[MATERIAL PROVIDED Boundary: Start]

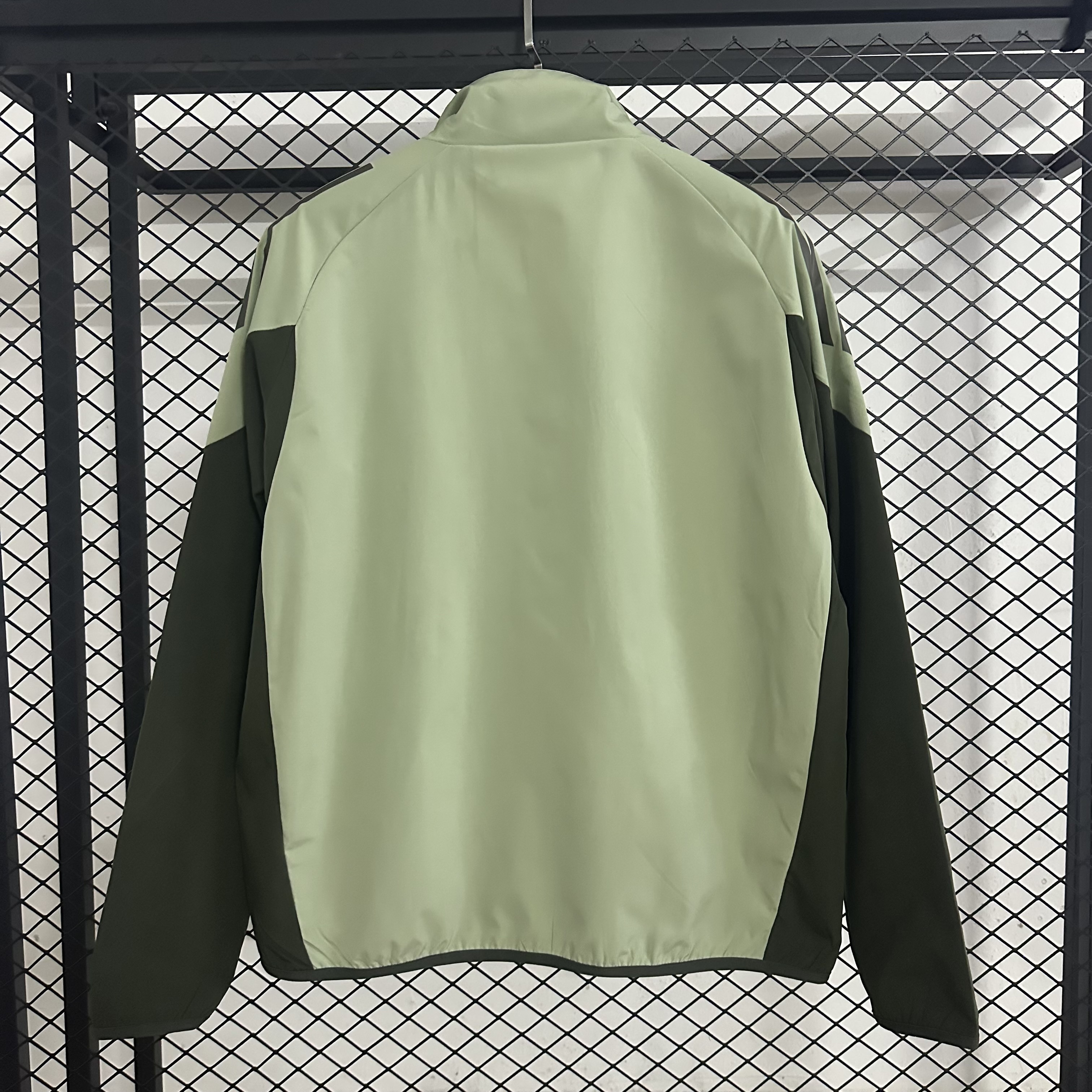 2025/2026 Real Madrid Embroidered Football Windbreaker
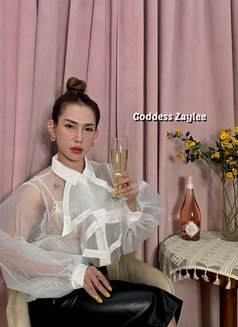 Asian Goddess ZayLee - escort in Dubai Photo 10 of 17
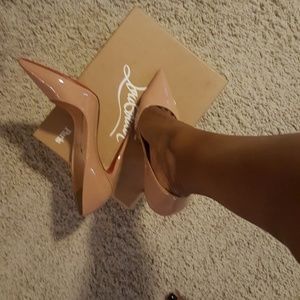 So Kate pumps (41.5); fits size 10; lightly used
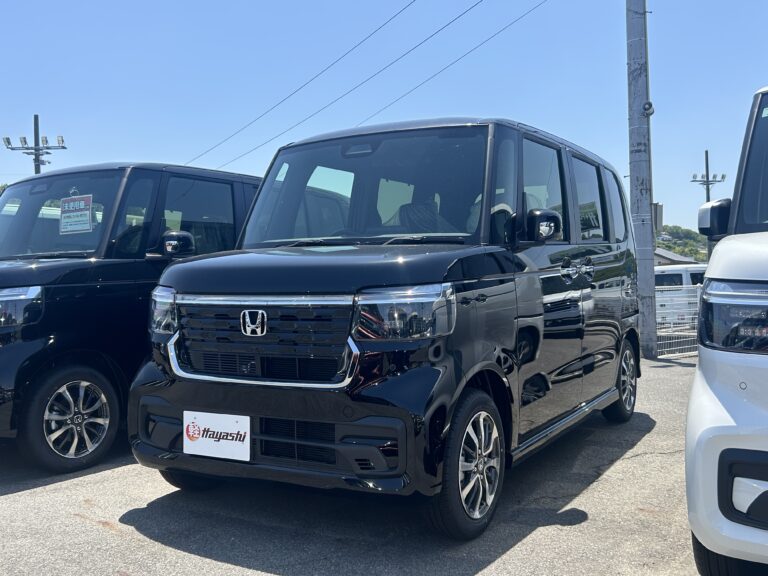 ホンダ N-BOX カスタム 届出済未使用車 中古車 走行距離10km以下 車検1年以上あり 車台番号106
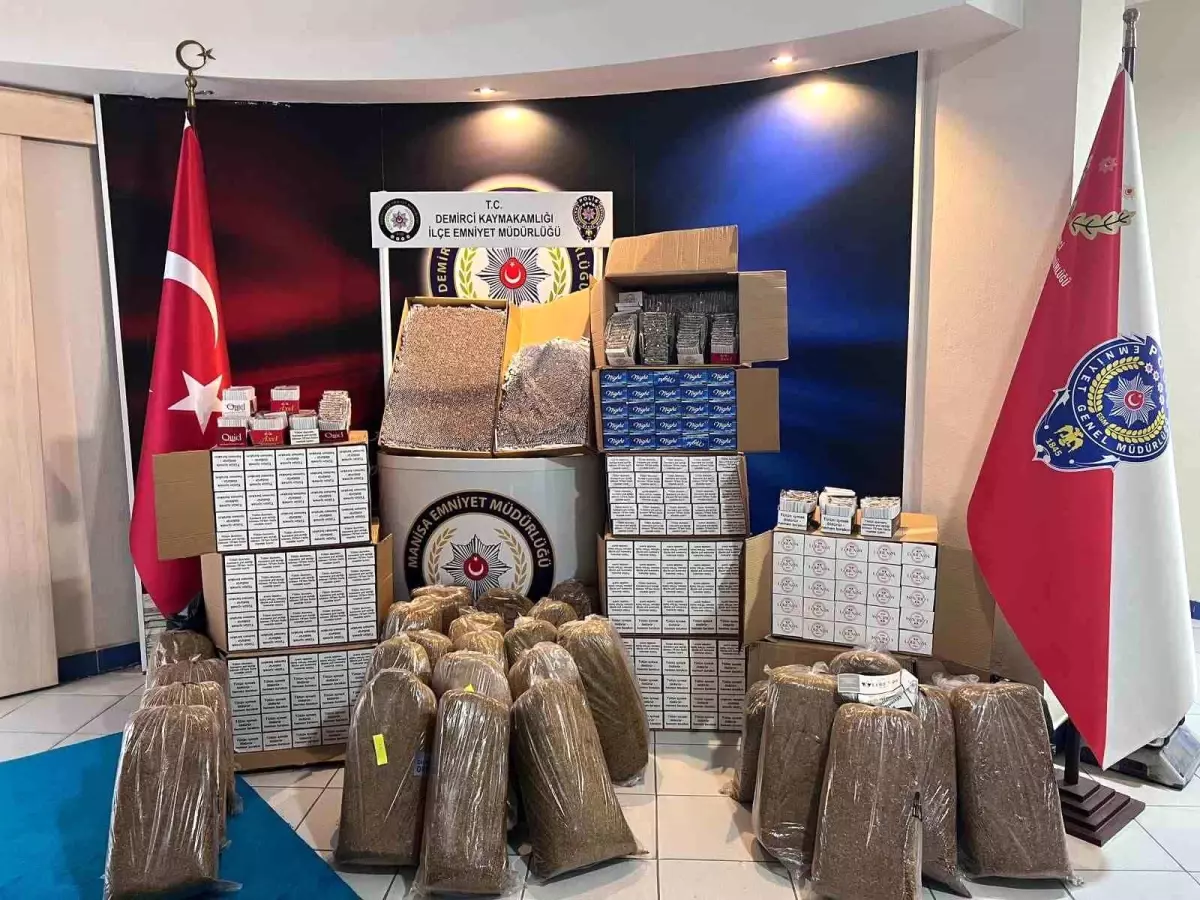 Demirci'de kaçak tütün operasyonu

[MATERIAL PROVIDED Boundary: End]

== TRY IT ==
Restate each entry word for word; pictures stay out of the copy.

== FINISHED TASK ==
 2025/2026 Real Madrid Embroidered Football Windbreaker
 Asian Goddess ZayLee - escort in Dubai Photo 10 of 17
 So Kate pumps (41.5); fits size 10; lightly used
 ホンダ N-BOX カスタム 届出済未使用車 中古車 走行距離10km以下 車検1年以上あり 車台番号106
 Demirci'de kaçak tütün operasyonu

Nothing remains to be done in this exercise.